*Information supplied*
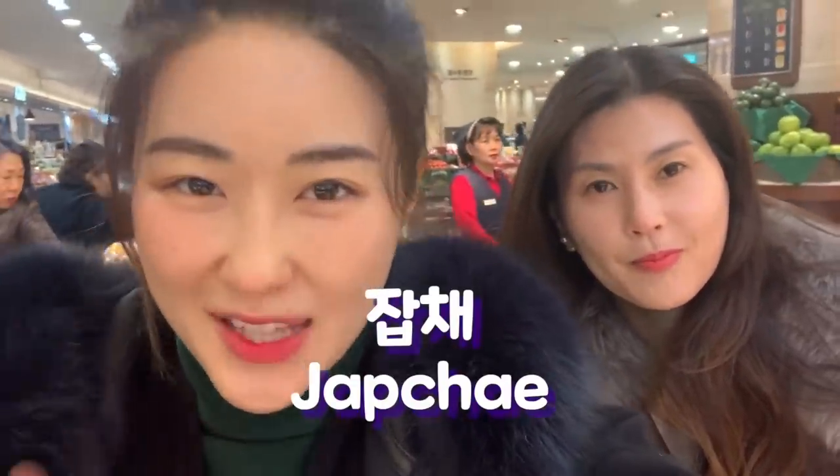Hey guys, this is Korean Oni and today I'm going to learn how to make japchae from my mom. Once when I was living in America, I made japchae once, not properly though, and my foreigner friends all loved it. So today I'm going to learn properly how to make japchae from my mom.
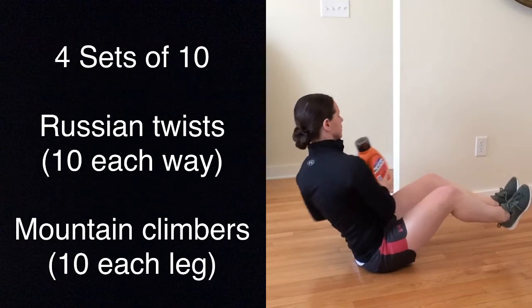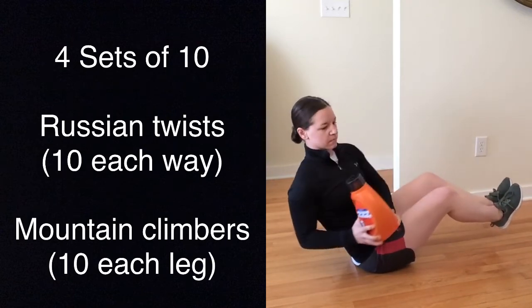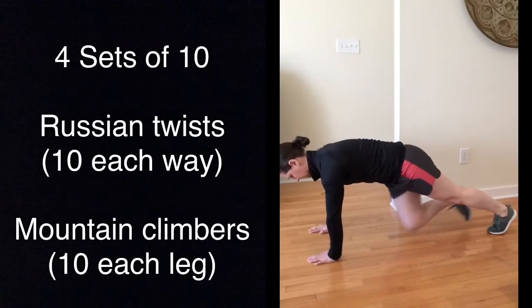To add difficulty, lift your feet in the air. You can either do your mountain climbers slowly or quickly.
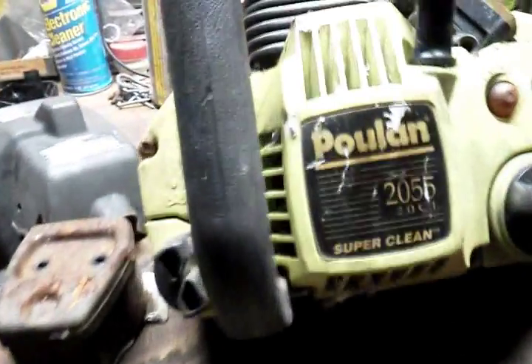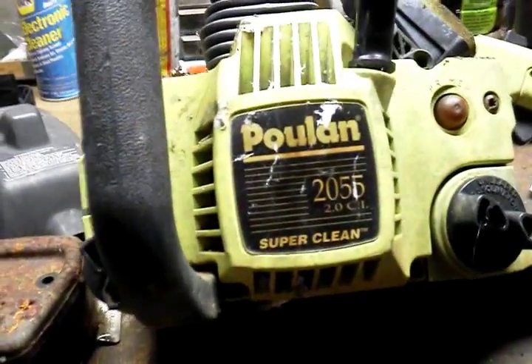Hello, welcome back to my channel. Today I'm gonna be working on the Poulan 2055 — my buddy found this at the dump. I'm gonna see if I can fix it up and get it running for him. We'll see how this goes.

...

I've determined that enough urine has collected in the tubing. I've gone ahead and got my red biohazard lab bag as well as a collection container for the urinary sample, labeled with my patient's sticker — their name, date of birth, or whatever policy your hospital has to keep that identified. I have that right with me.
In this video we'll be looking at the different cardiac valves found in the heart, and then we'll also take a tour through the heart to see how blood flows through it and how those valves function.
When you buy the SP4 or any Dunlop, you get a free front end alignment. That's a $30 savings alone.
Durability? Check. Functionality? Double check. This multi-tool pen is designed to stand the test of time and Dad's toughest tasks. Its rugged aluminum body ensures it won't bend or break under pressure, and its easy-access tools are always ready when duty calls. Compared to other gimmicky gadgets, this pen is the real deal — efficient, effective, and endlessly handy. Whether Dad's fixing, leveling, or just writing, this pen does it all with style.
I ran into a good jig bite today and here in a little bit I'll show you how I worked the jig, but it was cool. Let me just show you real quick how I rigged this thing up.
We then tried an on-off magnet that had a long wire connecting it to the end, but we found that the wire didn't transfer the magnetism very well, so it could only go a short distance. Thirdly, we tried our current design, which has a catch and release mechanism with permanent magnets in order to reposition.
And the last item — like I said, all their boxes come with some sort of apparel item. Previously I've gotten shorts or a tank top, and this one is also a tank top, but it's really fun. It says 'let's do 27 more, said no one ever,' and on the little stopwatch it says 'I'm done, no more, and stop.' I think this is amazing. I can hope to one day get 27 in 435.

* * *

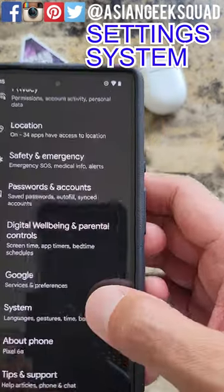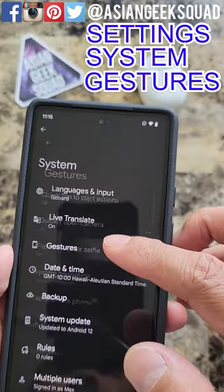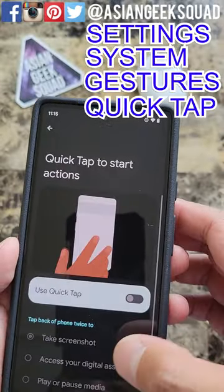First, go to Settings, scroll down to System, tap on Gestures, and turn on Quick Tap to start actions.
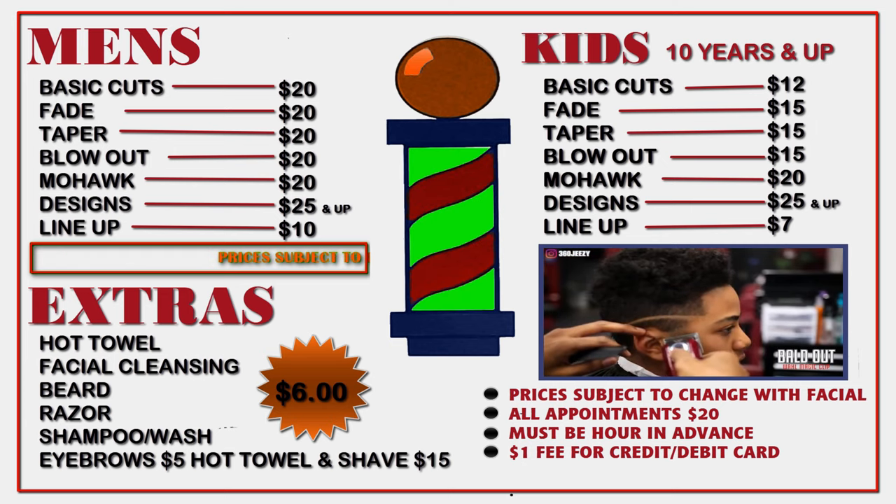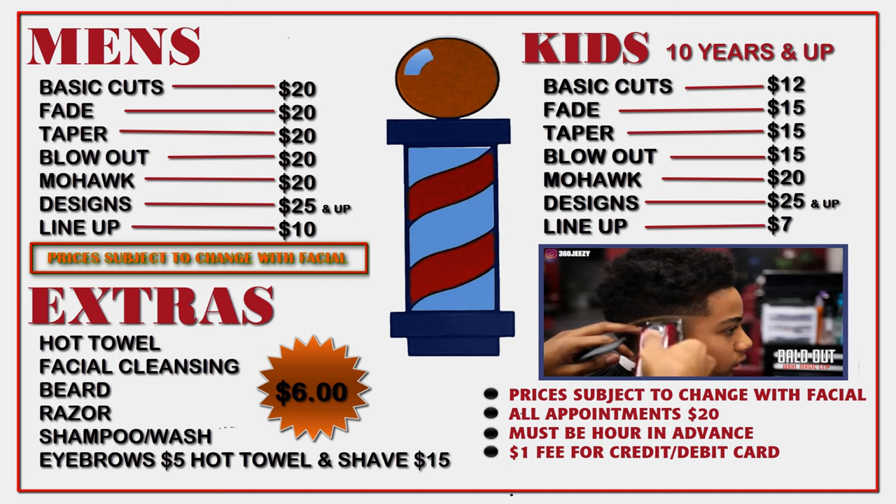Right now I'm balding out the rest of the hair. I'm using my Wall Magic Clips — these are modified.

*What the task asks*
Wherever a line of the data above contains "well", copy that line.

*Output for this task*
I've determined that enough urine has collected in the tubing. I've gone ahead and got my red biohazard lab bag as well as a collection container for the urinary sample, labeled with my patient's sticker — their name, date of birth, or whatever policy your hospital has to keep that identified. I have that right with me.
We then tried an on-off magnet that had a long wire connecting it to the end, but we found that the wire didn't transfer the magnetism very well, so it could only go a short distance. Thirdly, we tried our current design, which has a catch and release mechanism with permanent magnets in order to reposition.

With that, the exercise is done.